The fairytale in the fells
Step back in time in Blanchland, the postcard-perfect, honey-stone village with the rightful reputation as one of the prettiest villages in the north of England. Stones, cobbles, hanging baskets and winding lanes are everywhere in Blanchland, and there isn’t a modern-day chainstore in sight.
The village owes its name to the French canons who lived and worked in Blanchland Abbey and were distinguished by their white habits. ‘Blanche’ is French for white, and so the name ‘Blanchland’ was born. A local shop with an unusual, white-washed postbox, The White Monk Tea Room, which used to be the village school, Blanchland Abbey and the magnificent Lord Crewe Arms Hotel which was originally built as the Abbot's Lodge are all that you’ll find in this small village in Northumberland.
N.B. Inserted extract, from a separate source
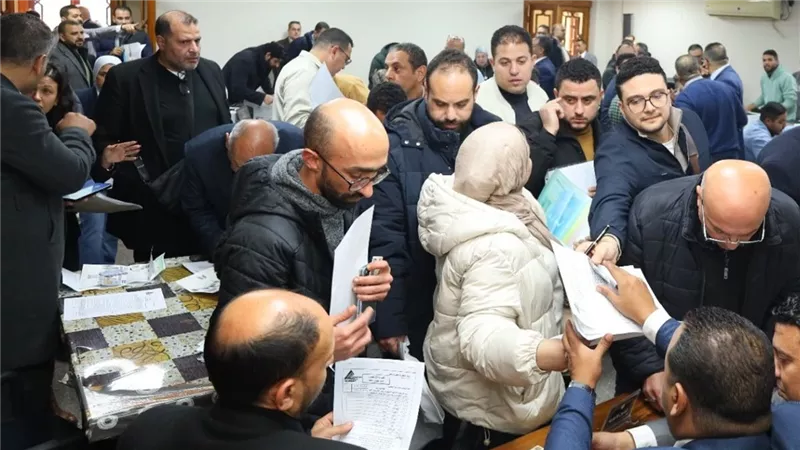انتخابات المهندسين.. 570 مرشحًا على المناصب النقابية في اليوم الأول للترشح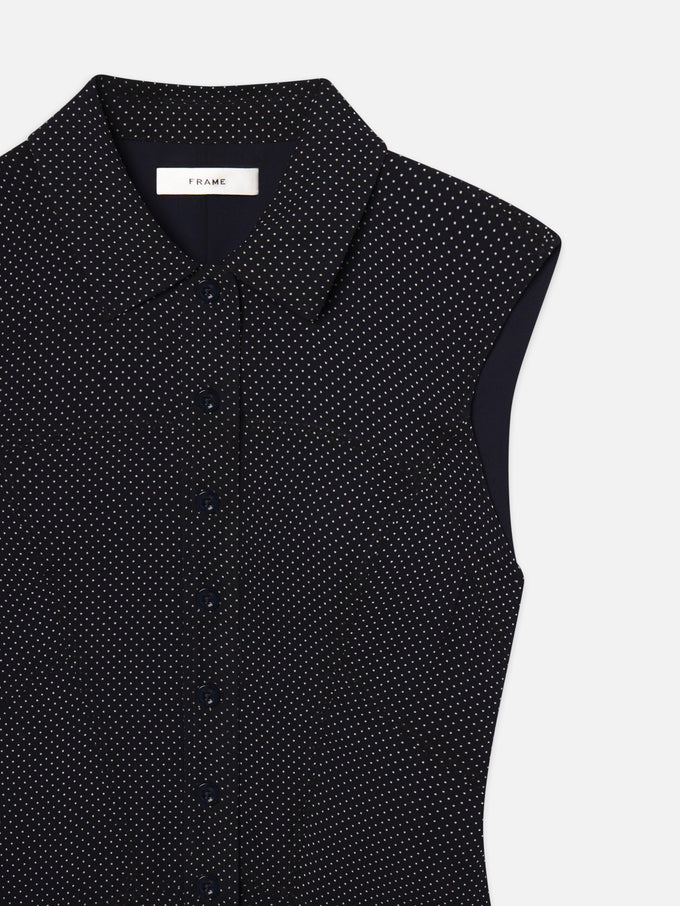 dress front detail packshot image alt:fit1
The oh-so-atmospheric Lord Crewe Arms Hotel is one of the oldest hostelries in the country, dating back to the 12th century. Here, the Jacobite Rebellion leader, General Tom Foster, hid behind the inn’s great fireplace in 1715. Expect to find stone wall interiors, rustic wooden beams, flickering candles and a roaring open fire when you visit for a drink, some scran or an overnight stay.
Blanchland Abbey was founded by Walter de Bolbec in 1165. Edward III visited the hidden gem while campaigning against the Scots in 1327. During church restoration in 1881, a 'marvellous system of drains devised by the monks' was discovered under the chancel. At least that is what the architect thought. It is much more likely that the 'drains' were, in fact, acoustic pits beneath the choir stalls, meant to amplify the voices of monks singing.
Surrounded by magnificent fells and idyllic views, Blanchland straddles the Northumberland and Durham border in the North Pennines Area of Outstanding Natural Beauty.